One of the last big differences between the kids is that Carter tends to be Mr. Helpful whereas Jacob...is not.  I think it's definitely more in Carter's nature to be thoughtful and helpful, as Jacob's personality has always been a bit more "me-focused".  All kids are self-centered, but I feel like Jacob takes that to new heights most of the time.  But again, who am I to say what's normal?  Still, he pretty much acts like the world does or should revolve around him, and it's exhausting.  It took me years to get him to clean up his breakfast dishes, and sometimes we still have to remind him to put his clothes in the hamper or to even pick up his stuff from right in front of the front door.  Carter, on the other hand, is happy to comply when asked to clean up his dishes and is already pretty good about putting away dirty clothes.  Granted, Jacob's disdain for the whole process probably made me start it earlier and be more intentional about it with Carter, but I think Carter's personality has definitely made him more accepting of it overall.  He wants to be a helper, he wants to do things himself, and he says "I love you" and willingly gives hugs and kisses all the time.  We didn't see a lot of that with Jacob, ever, despite showering him with affection constantly.  However, he was always the snuggler and loved to take naps on us or with us, so perhaps he just showed affection differently.  Carter doesn't mind snuggling while watching a show and sometimes doesn't mind having company at bedtime, but he doesn't usually want to have your arm around him or have you at all in his space.  Sometimes he'll even tell you when he wants you to leave.  I guess he just likes physical contact on his own terms!  Jacob, on the other hand, may not love hugs and kisses anymore, but he still sometimes ignores personal space norms and will be all up in your space in a restaurant booth or on the couch, or even sitting at the kitchen table.  I guess my kids are just weird walking contradictions in the personal space/snuggling realm. 
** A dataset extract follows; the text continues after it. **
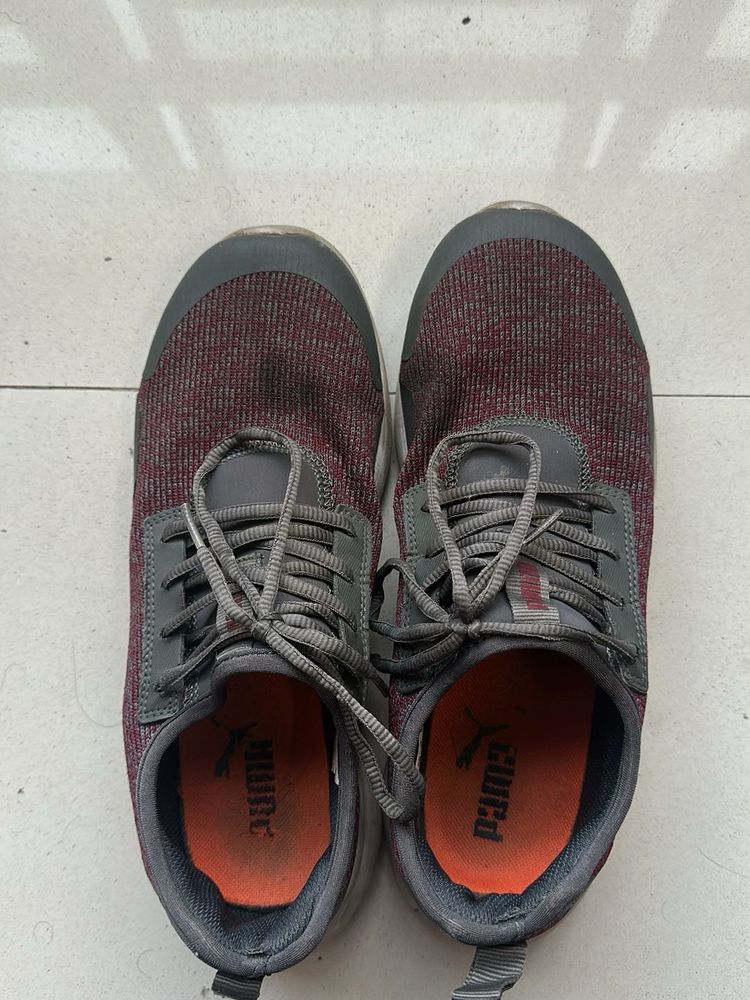 Puma Sneakers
But suffice it to say that having two very different kids makes it hard to know what's normal.  There are so few areas in which they were similar, and without a ton of mom friends or close kid buddies, we don't have a whole lot of other insight into other people's experiences.  Blogs, articles, and Facebook posts might give a little more insight and help me feel a little less alone with some issues, but it's just amazed me to see that nature has won out so many times over nurture in our house, when I would have assumed pre-parenthood that it would be the opposite.  I know that a lot of parenthood is just figuring it out as you go along, but I sort of assumed I could figure it out once and be prepared for round two, but with so many things that has not been the case.  Even though I feel like I have evolved significantly since I became a parent nine years and two months ago, I still feel like I'm fumbling through most of the time--and not all of that is when it comes to Jacob.  Some of it is refining techniques and some is catering to a different personality type this time around, but more of it than expected is new territory.  "Normal" apparently just isn't a thing with us, and I guess I should just embrace it and be grateful for the broad array of life experiences my two very different children have each provided.  And I'm sure someday I'll be able to feel that way.  Right now in the trenches it's not easy, though, so I guess I'll just keep trudging forward and keep looking ahead knowing there will be a light at the end of the tunnel...someday.